(Short descriptive text snippets)
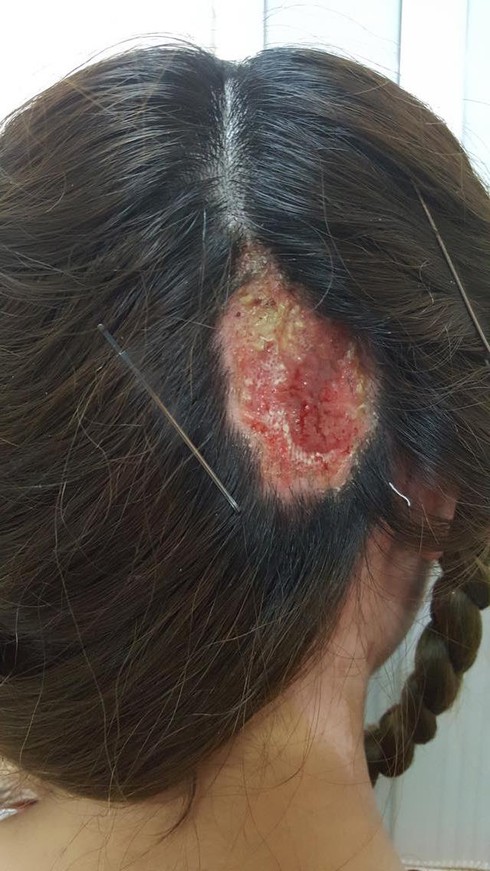 Hai phụ nữ nhập viện vì bong da đầu, hoại tử vành tai sau khi làm tóc - ảnh 1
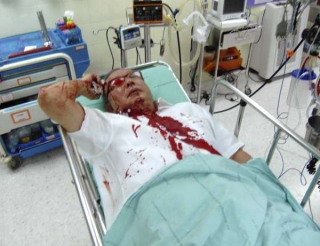Zraněný Limchtongui po převozu do nemocnice.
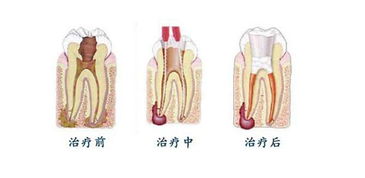 做根管治療后需要注意什么,做完牙齒根管治療后需要注意什么,做完根管治療后注意事項(xiàng)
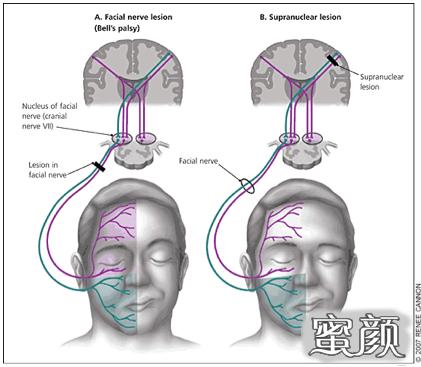 案例图片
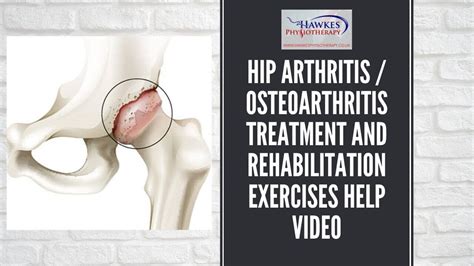 Hip arthritis / osteoarthritis treatment and rehabilitation exercises help video - YouTube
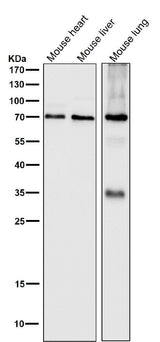 Anti-SAM68 Rabbit Monoclonal Antibody Boster Bio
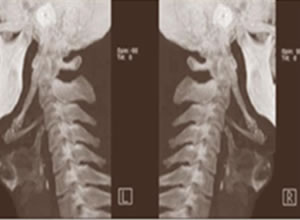 Síndrome de Eagle Radiografia
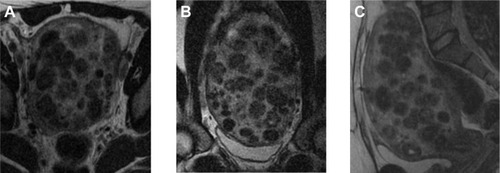 Figure 3 Example of MRgFUS screen failure due to innumerable small fibroids.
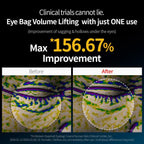 Dr Melaxin - Eyephalt Eye Cream for Dark Circles and Puffiness, Under-Eye Cream for Bags with Bio-Spicule Yazdan Store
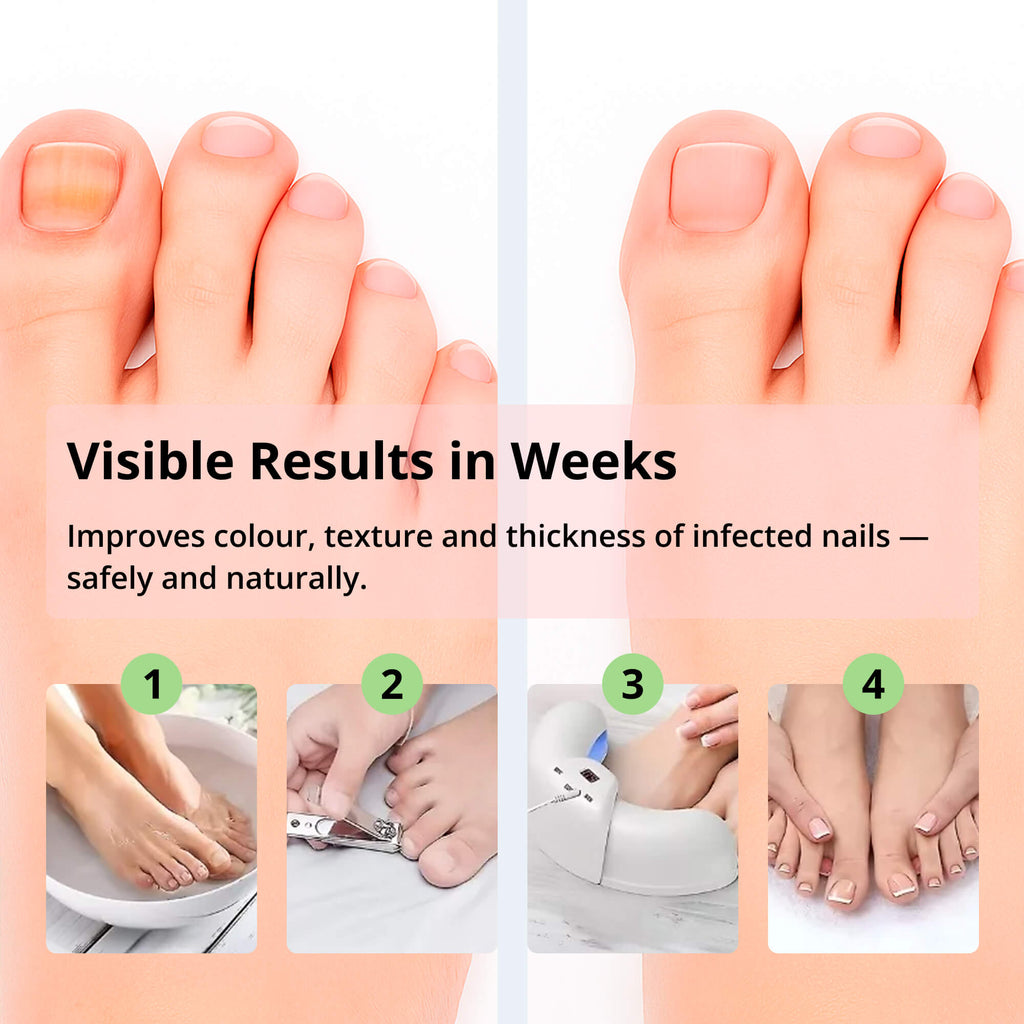 Laser Nail Fungus Removal Device | Advanced Home Treatment with Red & Blue Light for Healthy Nails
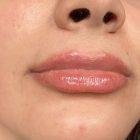 An After Photo of Lip Filler Injections in Seattle and Tacoma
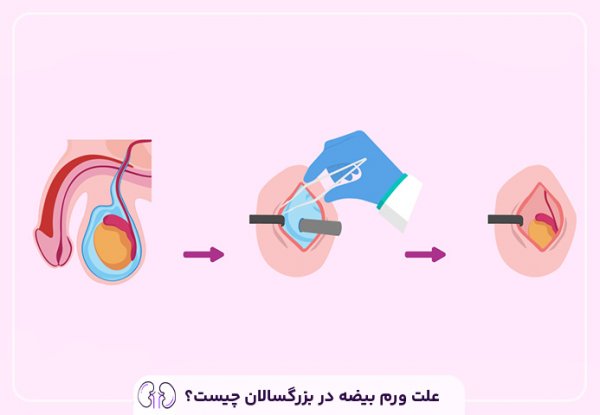  علت آب آوردن بیضه در بزرگسالان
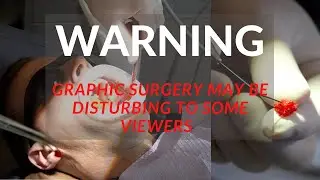 ACTUAL Cavitation Surgery - Removing Bacterial Infection of the Mouth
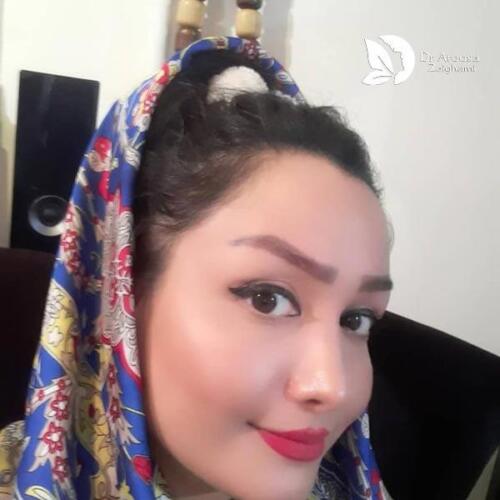 عمل-بینی-479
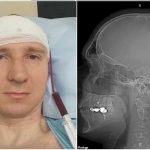 Se hizo cirugía cerebral perforando el cráneo "para controlar los sueños"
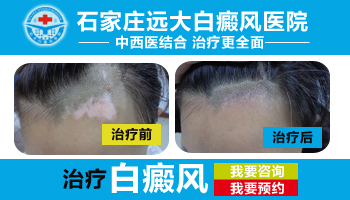 青少年背部有白癜风该怎么治疗，有康复案例吗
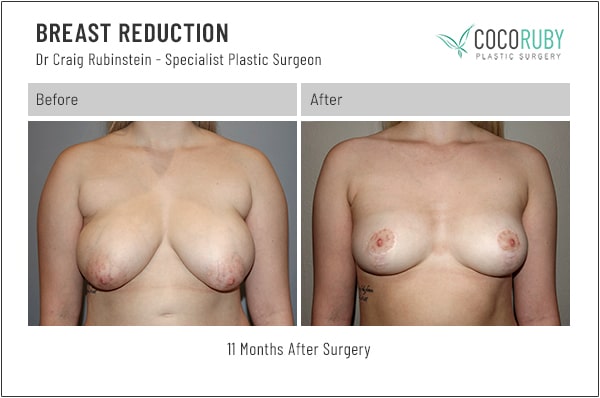 8 25 22 breast reduction dr craig rubinstein IDCR164 1 Breast Reduction Melbourne - 2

[What to work on] Every line from the top of the entries through the line that holds "Figure 3 Example" is to be quoted exactly, please, and nothing else; omit the pictures.

[Expected answer]
 Hai phụ nữ nhập viện vì bong da đầu, hoại tử vành tai sau khi làm tóc - ảnh 1
Zraněný Limchtongui po převozu do nemocnice.
 做根管治療后需要注意什么,做完牙齒根管治療后需要注意什么,做完根管治療后注意事項(xiàng)
 案例图片
 Hip arthritis / osteoarthritis treatment and rehabilitation exercises help video - YouTube
 Anti-SAM68 Rabbit Monoclonal Antibody Boster Bio
 Síndrome de Eagle Radiografia
 Figure 3 Example of MRgFUS screen failure due to innumerable small fibroids.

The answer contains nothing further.